Paul Crête Bloc Kamouraska—Rivière-Du-Loup—Témiscouata—Les Basques, QC

Mr. Speaker, I am pleased to speak on this bill entitled an act to amend the Statistics Act.

For many years, historical societies, genealogists and students, conducting various types of research, have been saying that they are facing a huge obstacle, because previous legislation failed to limit how long census information would be kept confidential.

Much time has been needed to analyze and study this issue. Now a bill is before the House. Our society is greatly concerned with the protection of privacy. This reaction is quite understandable.

On one hand, archivists, historians, genealogists and others are interested in historical research and data collected by Statistics Canada. The National Statistics Council and the Privacy Commissioner are among those who initially opposed the release of such information.

As legislators, we need to balance both sides to ensure that this bill does indeed provide sufficient protection of personal information and also allow historians and archivists to do their jobs adequately.

In Canada, there is a long established practice which states that:

All individual census records, up to and including those from the 1901 Census, have been transferred from Statistics Canada to the National Archives and made available for public use. The data for the 1891 and the 1901 Censuses were transferred and released 92 years after their collection.

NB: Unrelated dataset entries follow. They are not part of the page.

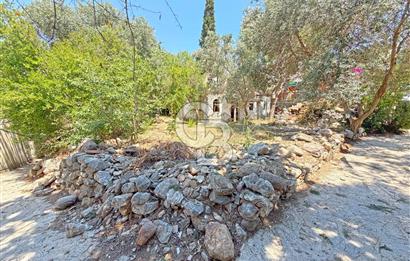 Eski Datça'nın Kalbinde Satılık İmarlı Arsa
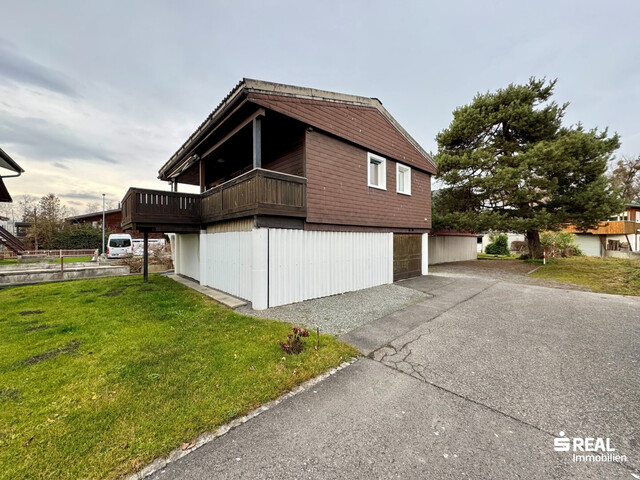 Ferienhaus am Bodensee - Wohnen direkt am Wasser mit Bootsgarage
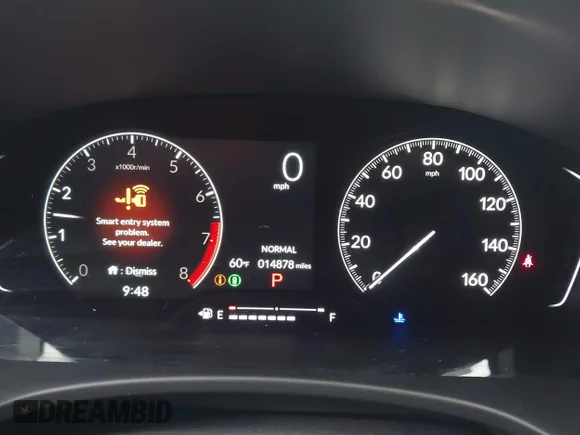 ✅ 2025 Honda Civic Sport • VIN: 19XFL2H89SE022970 • Lot: 44421624. Wystawiony na IAAI z przebiegiem 14 878 mil. Bezpłatny archiwum sprzedaży aukcyjnych z USA i szczegółowy raport historii pojazdu na DreamBid. Zdjęcie 7.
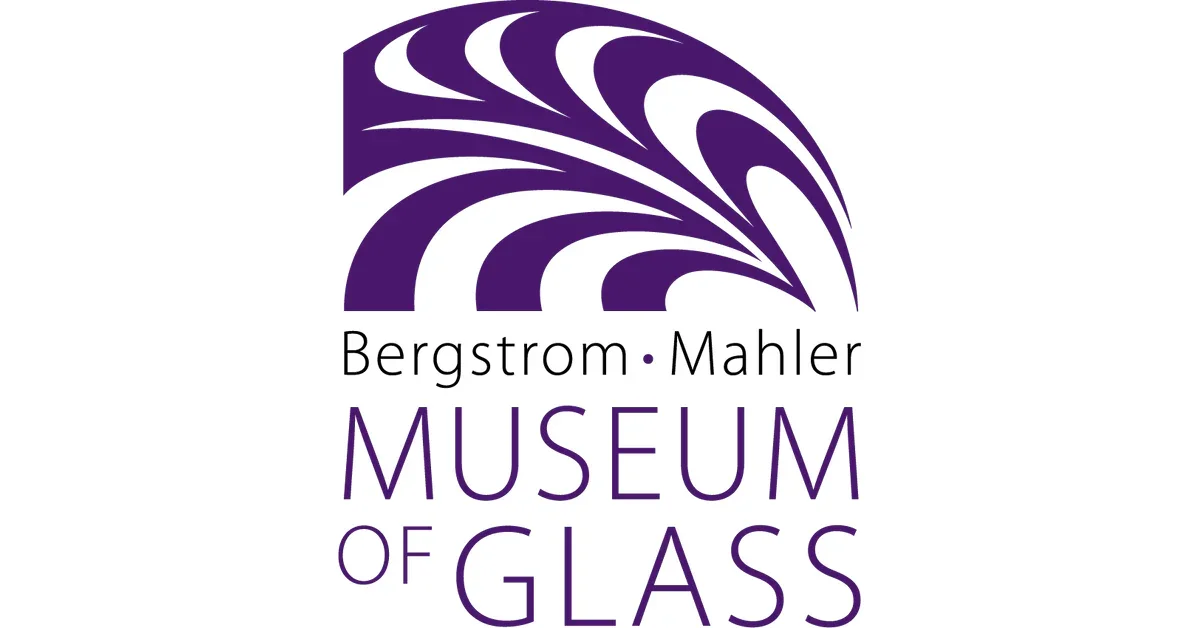 Bergstrom Mahler Museum of Glass Logo
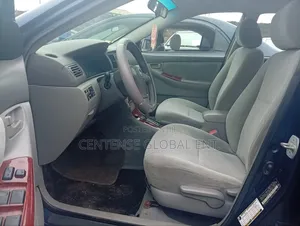 Toyota Corolla 2007 Blue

Hence the minimum waiting period established for the use of information. However, as I mentioned earlier, those using this type of information disagree.

The minister appointed a committee of experts to consider such issues. I want to mention, for example, this committee on which Mr. Justice La Forest, former Chief Justice of the Supreme Court of Canada, sat. He carefully considered the various opinions expressed. He concluded that this guarantee of confidentially was not intended to last indefinitely. He stated:

Our view is that the passage of 92 years is sufficient time to allay concerns regarding individual privacy.

Consequently, the committee addressed this issue and had to assess how to strike a balance between protecting personal information and disclosing information for the purposes of studying history and the past, in order to ensure that our culture in Quebec and Canada would be known in the future under acceptable conditions.

I remember representations, in particular by Jeannine Ouellette, who was very active in the Société d'histoire et de généalogie de Rivière-du-Loup and by people from the Société d'histoire de la Côte-sud. Ms. Ouellette was also heavily involved in a Quebec-wide coalition of genealogical and historical societies.

These representations were made on many occasions to show us that it is not a question of allowing the wholesale use of personal information or of creating a precedent for the future, which would be dangerous, but of having proper guidelines. We believe that is what Bill S-13 provides.

The committee that studied this issue said it was convinced that legislators had probably not wished or intended to provide an indefinite guarantee of confidentiality. Nonetheless, conservation and release dates had been omitted, not because there was opposition to them, but because with the scientific knowledge at the time, the need for such a measure had not been anticipated.

In any event, no law is forever. There is always room to reconsider legislation in the light of reality as it evolves. That is what we are doing today with Bill S-13.

The committee reported, and I quote:

We have reviewed legal opinions provided to Statistics Canada and to the National Archives by the Department of Justice and we recognize that legal minds can differ regarding the legal standing of various assurances given respondents versus the indication that records were to be transferred to the Archives. However, while we find the legal situation ambiguous, we find no convincing evidence that Parliament intended to create perpetual confidentiality.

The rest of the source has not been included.